29 Juli 2023 lalu, sastrawan legendaris Indonesia Putu Oka Sukanta merayakan ulangtahunnya yang ke-84. Tepat di hari itu ia menerbitkan buku kumpulan puisi berjudul “Pengakuan”, bertempat di Goethe Haus, Jakarta.
Putu Oka, sastrawan legendaris kelahiran Bali, 29 Juli 1939 ini dikenal tidak hanya karena berbagai tulisannya yang bernilai tinggi melainkan juga dirinya yang menjadi bagian dari sejarah kelam Indonesia. Karya-karyanya seringkali menyinggung persoalan pelanggaran HAM, termasuk dalam puisinya yang berjudul “Pengakuan” yang menyinggung persoalan HAM yang tak kunjung selesai. Ia adalah satu dari sekian banyak orang yang dipenjara tanpa diadili pada tahun 1966 karena dianggap sebagai aktivis Lembaga Kebudayaan Rakyat (LEKRA).10 tahun lamanya ia mendekam, mengalami segala siksaan dan perlakuan yang tidak manusiawi sampai akhirnya keluar tahun 1976.
Di acara yang diselenggarakan oleh Asia Justice And Rights (AJAR) dan Yayasan Pengembangan Informasi Alternatif dan Seni tersebut, terdapat sesi “Celoteh Kebudayaan”. Pada sesi tersebut Putu Oka bercerita mengenai pengalamannya dalam proses berkarya. Ia menjelaskan bagaimana ia pernah diwawancarai: apakah ia tetap berkarya setelah LEKRA sudah tidak ada?
“Aku menulis bukan karena LEKRA karena aku sudah menulis sebelum ada LEKRA dan masih tetap menulis hingga hari ini,” tegasnya.

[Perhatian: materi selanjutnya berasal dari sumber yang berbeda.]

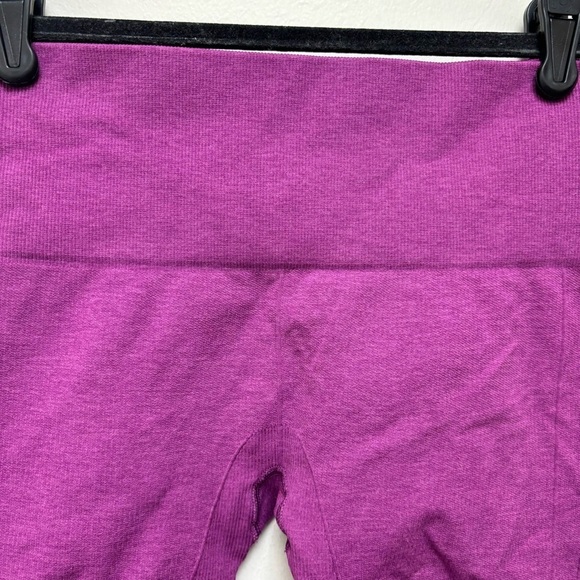 Lululemon In The Flow Crop II Leggings - Picture 6 of 13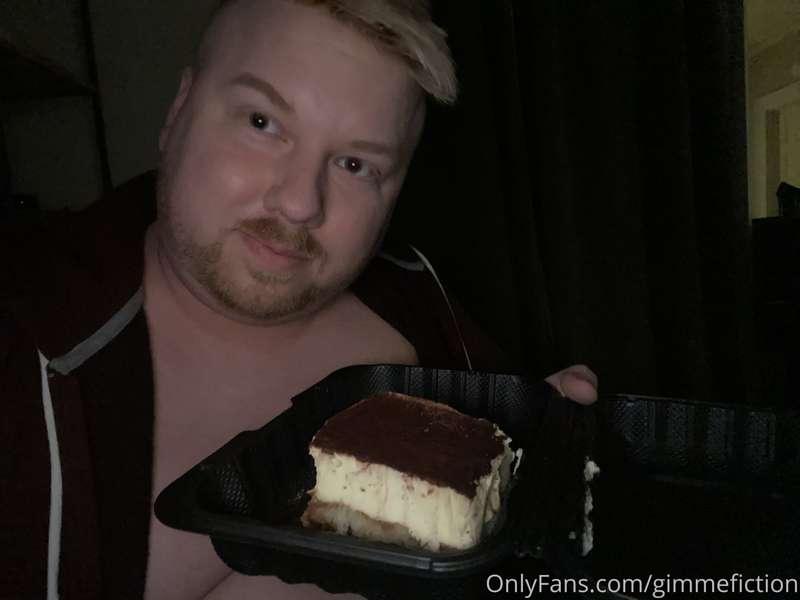 gimmefiction image #4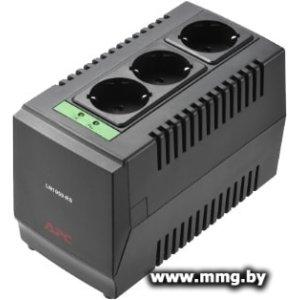 Купить APC Line-R 1050VA LN1050-RS в Минске, доставка по Беларуси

Dalam sesi celoteh kebudayaan tersebut, Putu Oka juga membahas mengenai puisi dan demokrasi. Puisi dan demokrasi menurutnya tidak boleh dijadikan tujuan melainkan harus dijadikan alat sebagai langgam kerja.
“Puisi dapat menjadi media untuk membangun kejernihan terhadap makna kebahagiaan. Tujuan akhir demokrasi bukanlah kekuasaan di tangan rakyat melainkan terpenuhinya kesejahteraan rakyat; demokrasi sebagai langkah kerja harus dilandasi dengan prinsip-prinsip kesetaraan dalam perbedaan maka kesejahteraan dan kebahagiaan dapat tercapai; happiness is the core of human rights,” tuturnya. “Apabila puisi dan demokrasi dijadikan tujuan dan dicapai dengan cara-cara yang tidak mengindahkan kesetaraan melainkan justru menggunakan suara mayoritas dan otoriter untuk menentukan segala sesuatu maka dapat dipastikan bahwa puisi dan demokrasi adalah utopia atau hanya khayalan belaka,” imbuhnya.

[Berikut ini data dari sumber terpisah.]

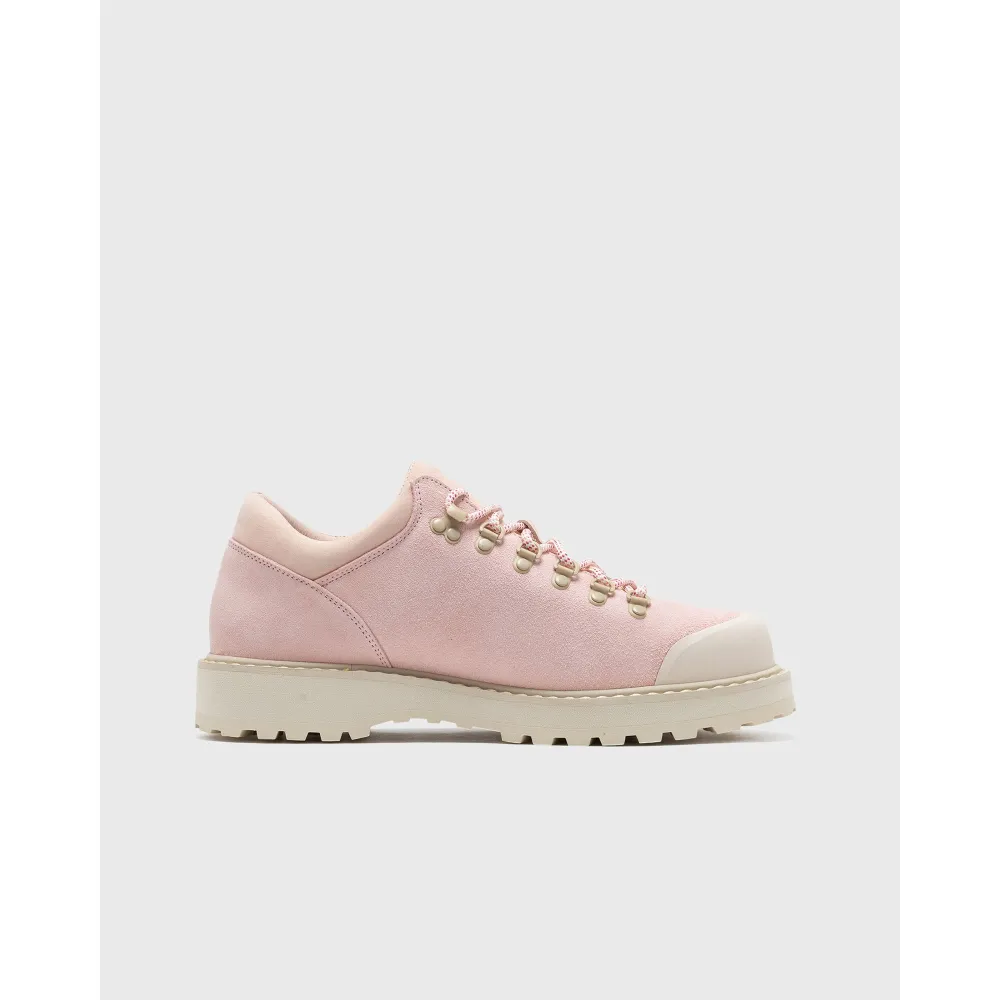 Diemme CORNARO DI24SPCOW-F02S006LTP / pink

Putu Oka juga menjelaskan bahwa demokrasi harus sudah dikerjakan pada saat pembentukan ide dan gagasan dengan transparansi dan puisi ditulis dengan kejujuran yang menyingkat permasalahan dan persoalan untuk meningkatkan kesadaran, kecerdasan, memperluas cara berpikir, dan cita rasa pembacanya.

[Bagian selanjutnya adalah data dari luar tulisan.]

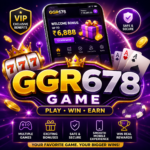 GGR678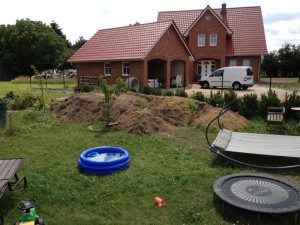 IMG_0584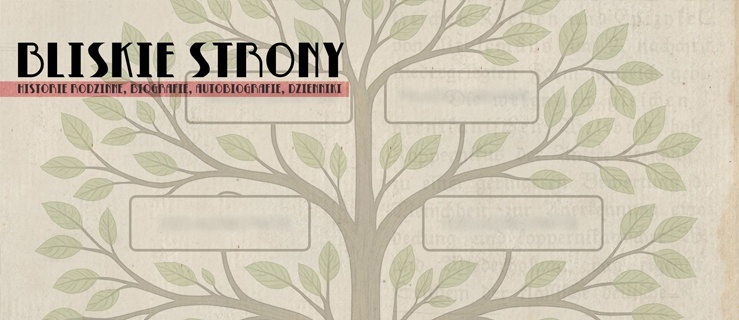 „Rodzinne historie” – warsztaty genealogiczne w Bibliotece Elbląskiej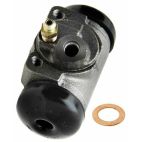 Drum Brake Wheel Cylinder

“Sastrawan bukanlah orang gila; bukan monyet; bukan juga manusia yang luar biasa, melainkan hanya manusia biasa yang melukiskan cakrawala kehidupan dan melakukan perhitungan dengan angka-angka bahasa,” ucap Putu Oka menutup celotehannya dengan mengutip pernyataan salah seorang budayawan yang memberi pengantar pada buku terbitan pertamanya di tahun 1982.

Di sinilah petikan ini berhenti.